The third category is insurance and administration costs, at $91B, about the same as drugs. If you're an ardent advocate of single-payer, or just generally distrustful of large companies like the insurance firms, you may say "Aha! Our complex yet monopolistic system of multiple private payers is at fault. A single payer, especially if that payer is a non-profit such as a government plan, is just what we need!"
Well, maybe. But that's not quite what McKinsey found. It's true that insurance and administration is essentially tied for second place in terms of its contribution to our $638B in "excess" spending. But it's not necessary because of the complexity or expense of the private sector. Let's look at the details.
The US spent, in 2006, nearly twice as much per capita in this category as the next country in the list (France), and over four times the average in the selected peer group of countries. Private payment accounts for a much higher percentage of this cost than in any other compared country, about two-thirds of the total overage.

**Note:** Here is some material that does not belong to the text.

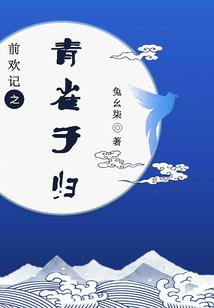 嫣非烟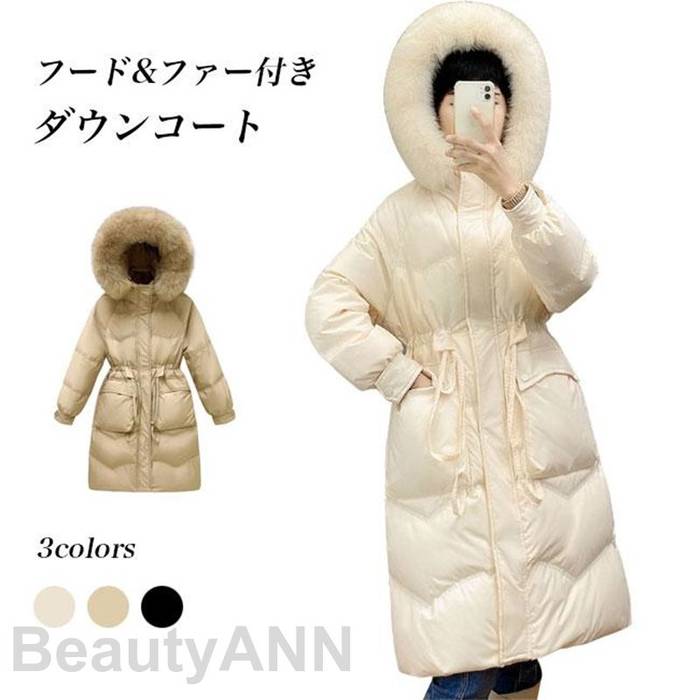 ダウンコート フード付き ファーコート レディース キルティングコート ダウン入れ 冬 ロングコート 厚手 防寒 防風 冬コート 狐ファー プレゼント ギフト 母の日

Given how much of the cost is related to private payers, it turns out we actually spend a bit less on private-sector administration than you'd expect from peer comparisons. So private insurance is much more prevalent in the US, but is in fact slightly more efficient than the private-payer systems elsewhere.
Still, there's no question that private insurance is more expensive. McKinsey found about $34B in excess administrative expenses in the private sector compared to our peers. But the interesting fact is, public insurance shows the same pattern. Another $28B in excess administrative expenses in the US is attributable to the public sector. So not only do we spend more per insured life on private insurance than do our peers, we pay more per insured life in public insurance administrative costs as well: SIX TIMES the average of the comparison group.

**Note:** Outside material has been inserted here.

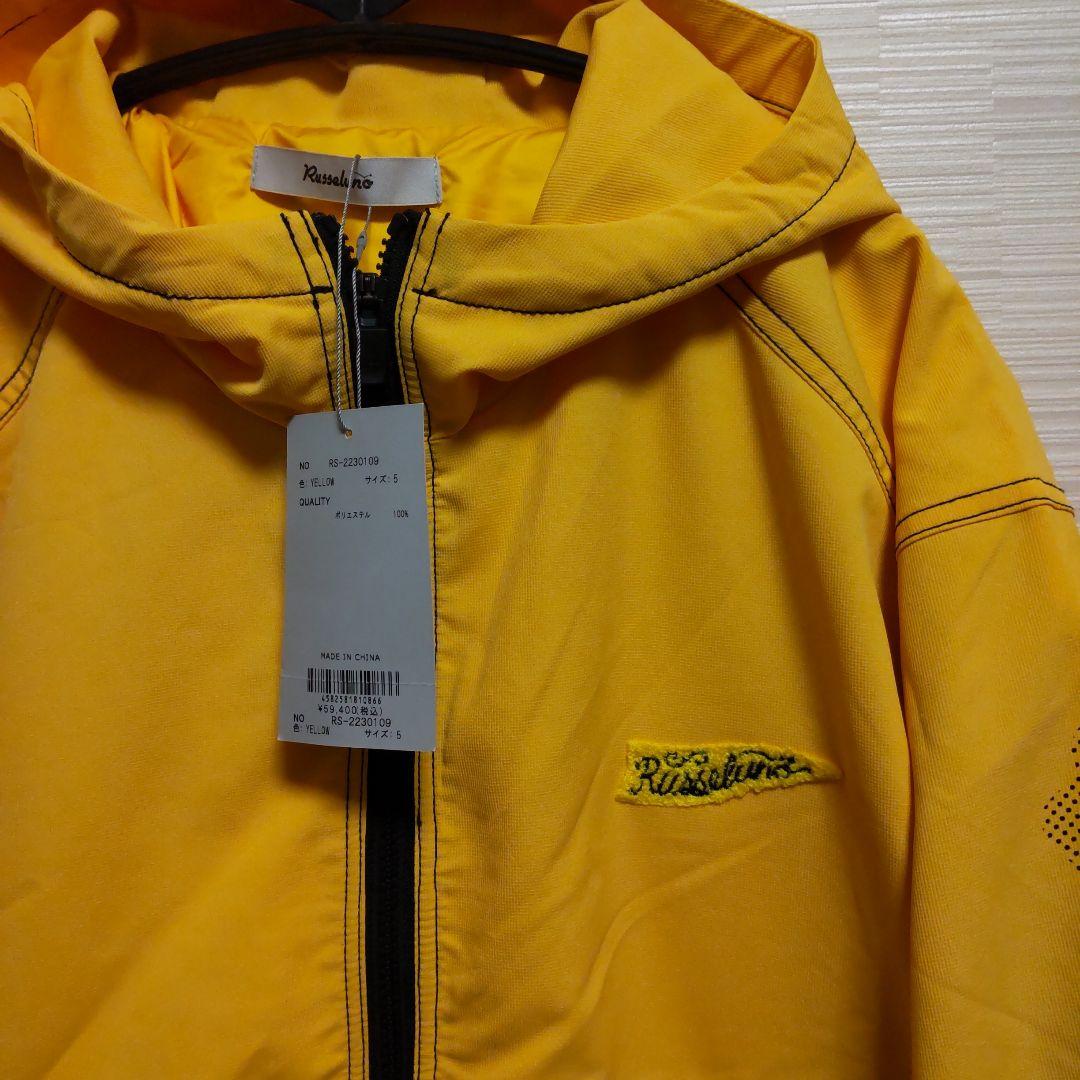 新品【ラッセルノ】Lサイズ相当　ブルゾン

Overall, in 2006, spending on administration was growing about in line with overall expenditures (6.3%). But deeper in, there's a significant disparity: spending on administration in the private sector grew at a slower rate, 2.9%, from 2003-2006, while spending on public-sector administration grew at an eye-opening 13.1%! This in turn was essentially driven by Medicare spending, which increased at 32.7% annually in this period.
Several things go into increased Medicare administration costs:
1. The addition of benefits under Medicare part D
2. Significant increases in Medicare enrollment (about 25% growth in this period)

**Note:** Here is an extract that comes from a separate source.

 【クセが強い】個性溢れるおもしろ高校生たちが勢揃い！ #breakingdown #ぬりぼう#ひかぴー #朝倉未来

Overall, again, Medicare administration costs per enrollee increased at about 30% per year from 2003 to 2006.
I'm not yet sure what to make of this. Growth in Medicare spending is naturally going to be driven by enrollment increases, which in turn are driven by demographics. But why do we spend so much more per enrollee than other countries? Is it simply that our Medicare benefits are comparatively rich? (I'm not a Medicare recipient, so I have no idea based on my own experience). If that's the case, and the cost per enrollee can't be driven down much, then clearly the demographics-driven Medicare costs have the potential to be the immovable (yet growing) object in the midst of this debate.
No doubt this is why the Medicare Board of Trustees warns that the program faces insolvency in eight years.